The drawback number 2 (scalability for large datasets) can be greatly improved by using 2 queries for retrieving the data.

  • 1st is for filtering and sorting the records, here you would self join ONLY attributes that are used in filters and order by. Ordered result of this query creates empty array with placeholders for entities.
  • 2nd is regular SELECT (or UNION when attributes are splited to few tables by type) that is filtered by entity id, which were received from 1st query. Result from this query is being fetched into array created by 1st query, which makes the result correctly sorted.

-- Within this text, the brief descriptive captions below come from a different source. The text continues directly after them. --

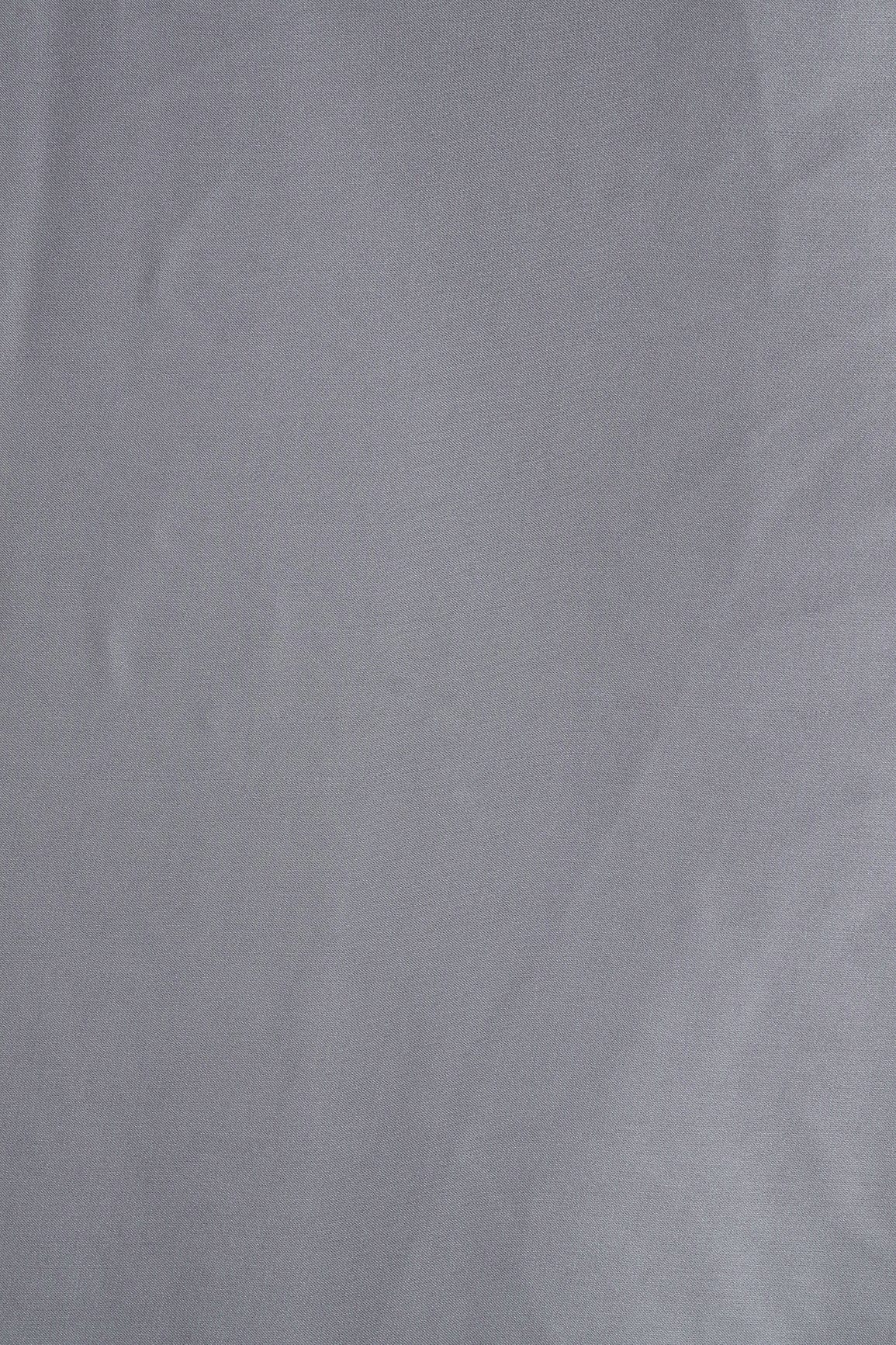 Grey Dyed Georgette Satin Fabric - doeraa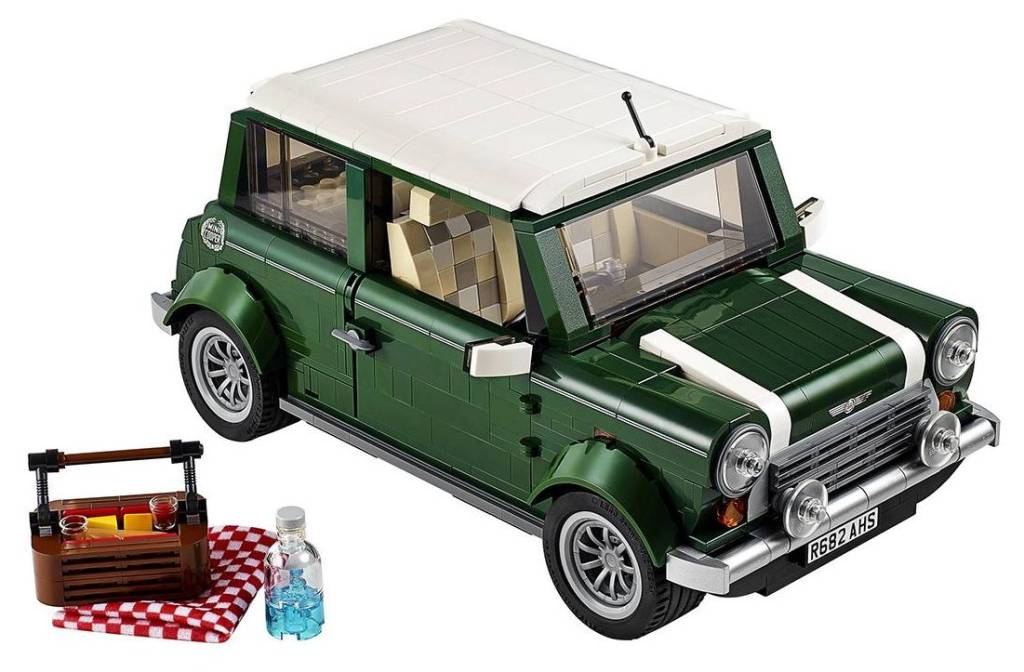 Mini Cooper de Lego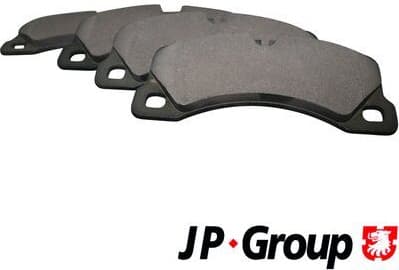 Brake Pad Set, disc brake JP 1163607110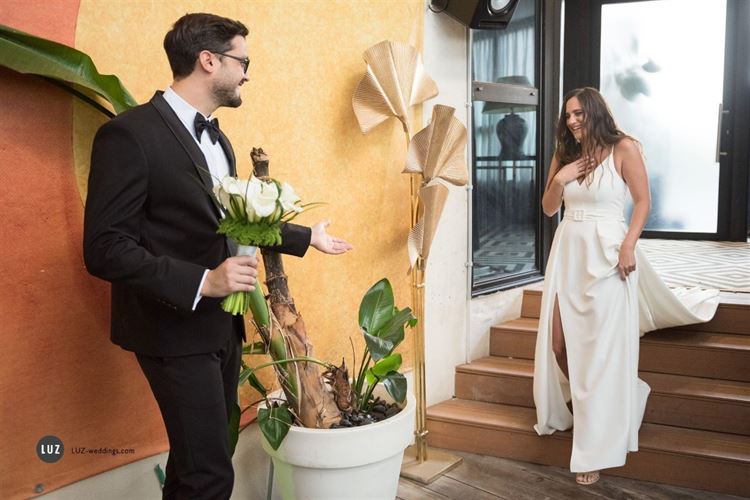 High School Lovers: החתונה התל אביבית של קרן ואיתי 5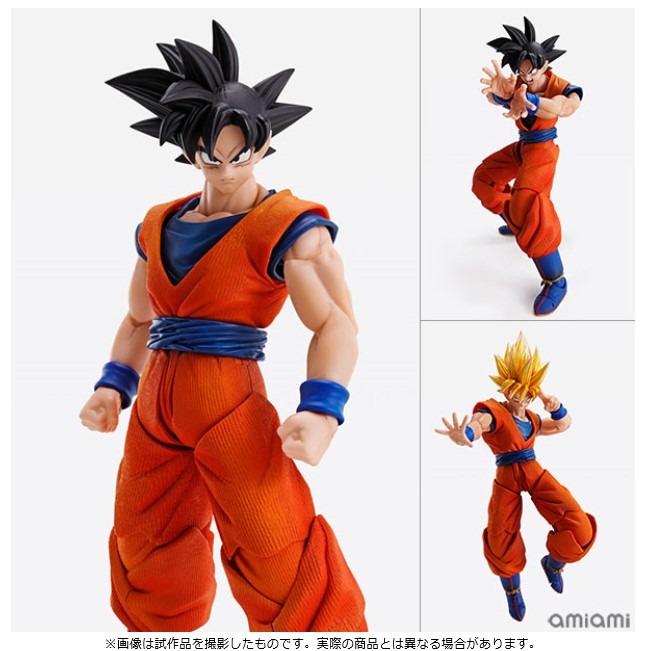 「IMAGINATION WORKS 孫悟空 『ドラゴンボールZ』」参考価格：11,000円(税込)（C）バードスタジオ／集英社・東映アニメーション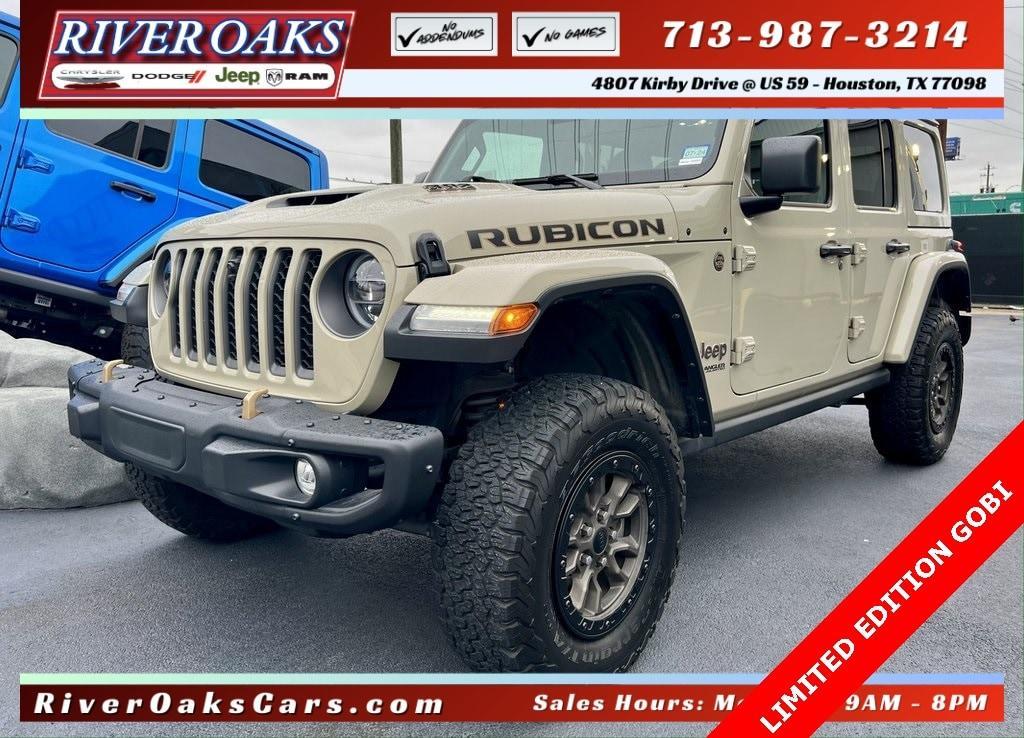 used 2022 Jeep Wrangler Unlimited car, priced at $63,900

[edit] Accuracy of this article

The article makes a lot of unsubstantiated claims (which may or may not be true), many of which seem to stem from the desire to constantly compare EAV to traditional/flat/SQL databases. We can leave them tagged as {{fact}} for a while, but there's a lot of it and I was hoping someone would provide sources or just remove it.

Perhaps we could split the article into an article about EAV, and a separate article comparing it to other models. In other words, we might consider separating the factual and useful information about EAV from the subjective and oft-disputed comparisons to other models.